Thank you for this latest record. I don't know if I wrote back after you sent me the last one in August: 29, I think you called it. But I meant to, even if I didn't, and I listened to it a lot. All your letters from the last year have been great — three records in 2005, wow. How did I ever get so lucky as to have a musician like you on my turntable? You're the best pen pal.
And thanks for answering my questions. I know we had that argument where I said I felt like I didn't know you (I didn't mean what I said about your beard, by the way, I was just being irrational), and I know I said I didn't believe you would ever really let me in, but 29 is really sweet. What better way to get to know you then nine songs, each one representing a year of your twenties? Parker won't return my calls…
I was eating leftover apple pie with diner eggs when I heard the mail truck pull up. I rushed to listen to 29 for the first time — I almost tripped on a garden hose when I ran back inside. The first song — the title track — wasn't what I expected. I thought you had gotten the gritty, blues-rock guitar out of your system with "Shakedown on 9th Street" off Heartbreaker, or maybe this was the song about that part of your life. Whatever it was, I like that it has the same gritty growl to it the whole way through; there's something really honest about a song that's almost six minutes long and doesn't really change form, how just good lyrics or a good riff can hold a listener's attention the whole way through.
Like "Strawberry Wine," the next track, or the later "Carolina Rain." The soft acoustic guitars, just the same sweet waltz-swaying love-song beats the whole time — they're like something off Blood on the Tracks.

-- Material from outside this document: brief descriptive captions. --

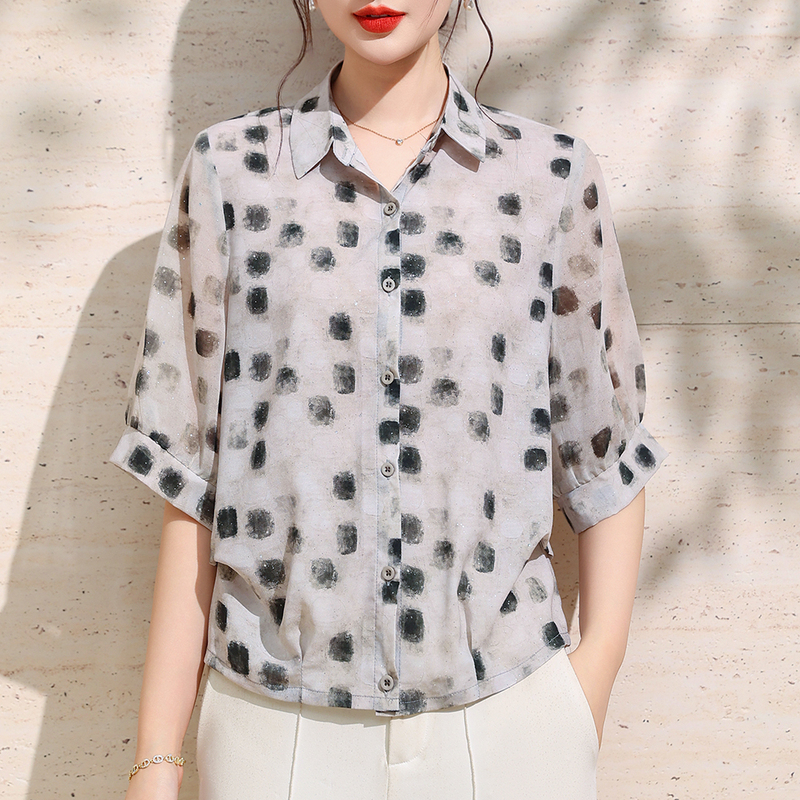 This Year's New Style of Middle-Aged and Elderly Women's Clothing, Mid-Sleeve Shirts, Stylish Summer Tops for Moms, Stylish Shirts for the Elderly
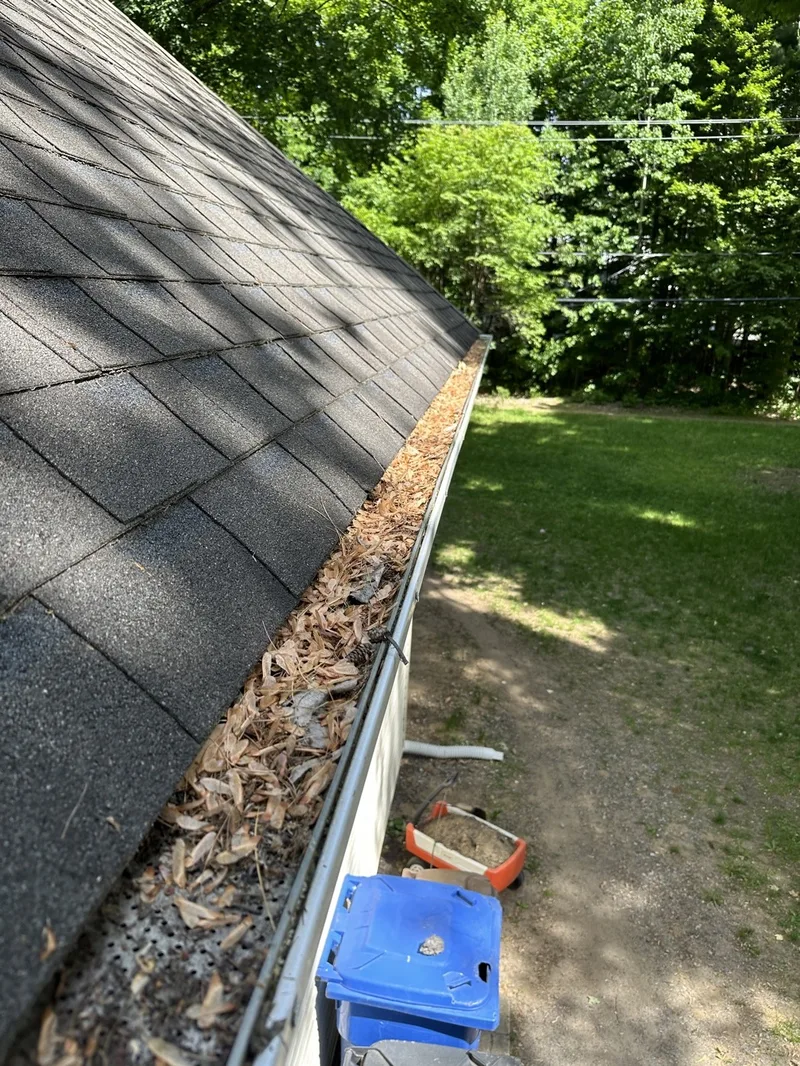 Gutter Cleaning — Ici j'essuie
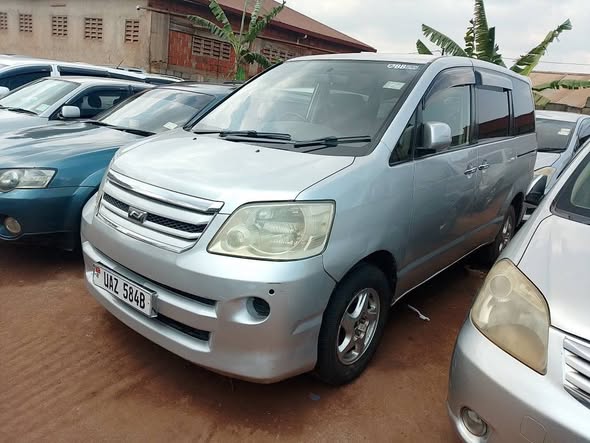 A picture of Toyota Noah 16 millions negotiable CALL 0786 92 82 59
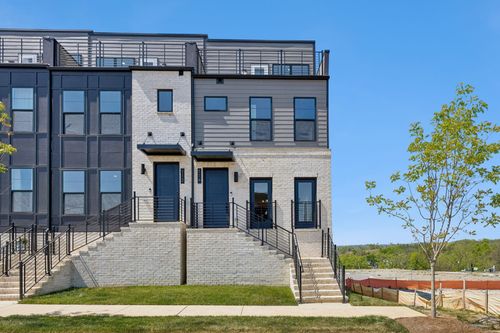 112 Scenic Pass, Nashville, TN, 37218-3055 | Card Image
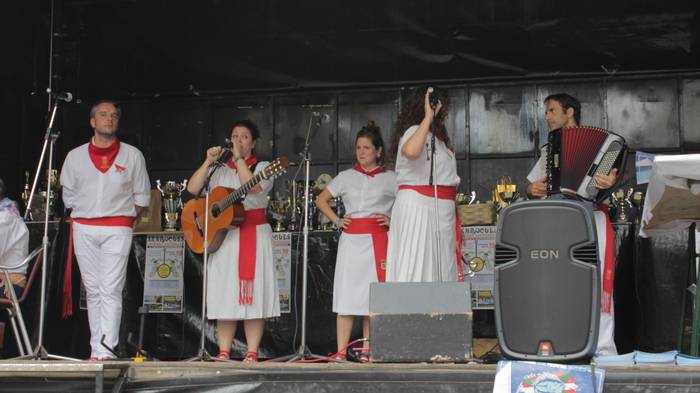 Su gozotan igaro dute goiza  14 1503153097361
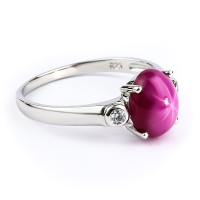 Anillo de Plata Con Rubi Estrella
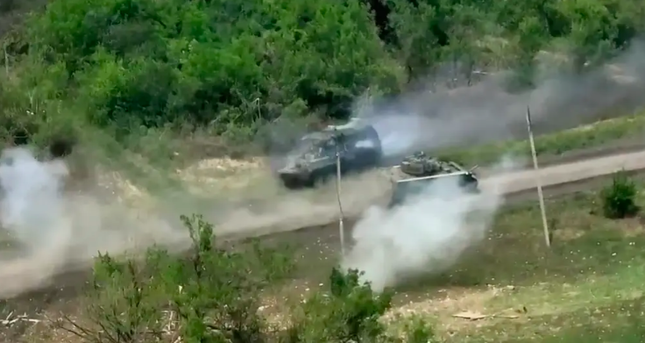 Ukraine tung video M2 Bradley của Mỹ cận chiến BTR-82A của Nga- Ảnh 1.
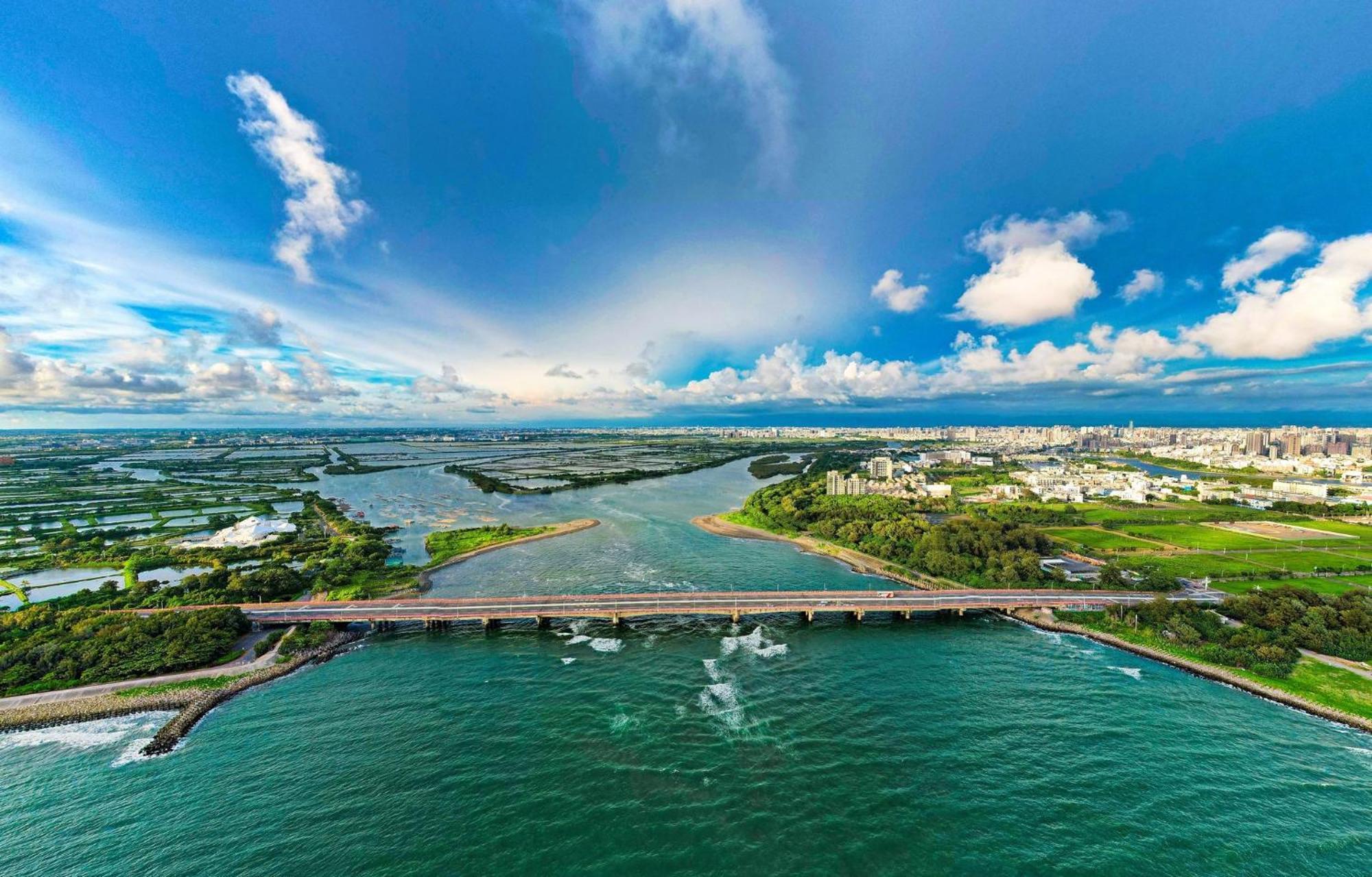 מלון Crowne Plaza Tainan By Ihg מראה חיצוני תמונה Aerial view of the river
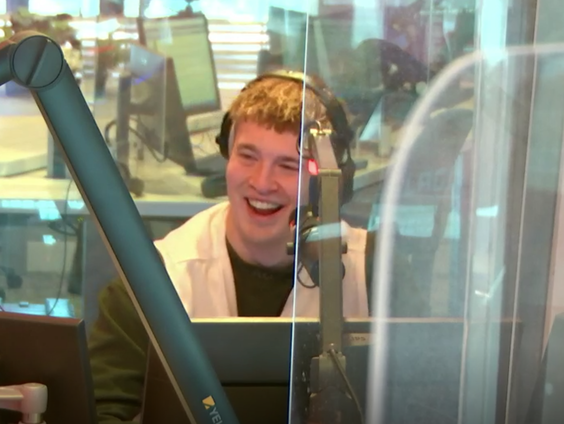 Thomas Acda en Snelle langs bij Bart Arens over samenwerking 'Papa Heeft Weer Wat Gelezen'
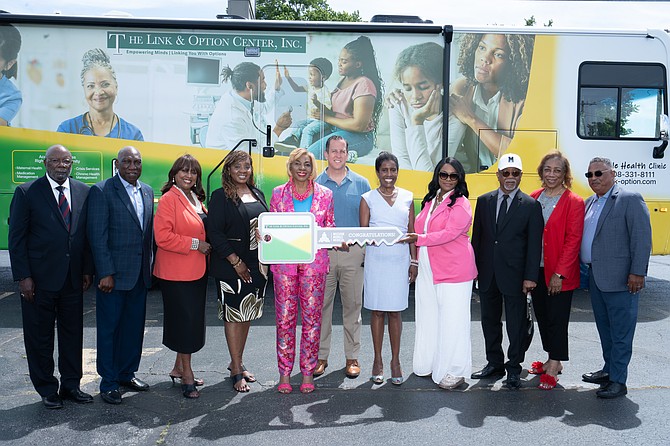Dr. Twin Green, Distinguished Guest and Elected Officials. Photo courtesy of STH Media, LLC.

A couple things I thought were strange, though. The drowning reverb on "Nightbirds," when you sing, "We were supposed to rise above / but we sank into the ocean," was very unexpected. I'm not sure if I liked it or not, but it seemed like something you would do, like the same way RocknRoll was really unexpected; I guess you just do that sometimes.
And what about the transition from piano to guitars on "Elizabeth, You Were Born to Play that Part"? It sounds odd — the meter is off. I can't quite figure it out, but the first time I heard it, I'll admit, I swore it was the best song you've ever written. Is it true that it's about a friend's miscarriage of their already-named baby girl? It's a really beautiful song, Ryan. I wish you would play piano ballads like that more often.
I have to say, I really like 29. I like that it's nine songs all about your life, in long stories and whatnot. I still think Cold Roses was the best record you did in 2005. It just felt more complete, like you knew what you wanted to do when you started it. Or maybe what you mean to do is not mean to do anything? Can it be that you are just this talented of a songwriter naturally? Do you even have to try? A song like "Starlite Diner" has such honest and earthy lyrics, it seems like you could have just sat down at a bar piano and improvised the whole thing out of thin, smoky night air.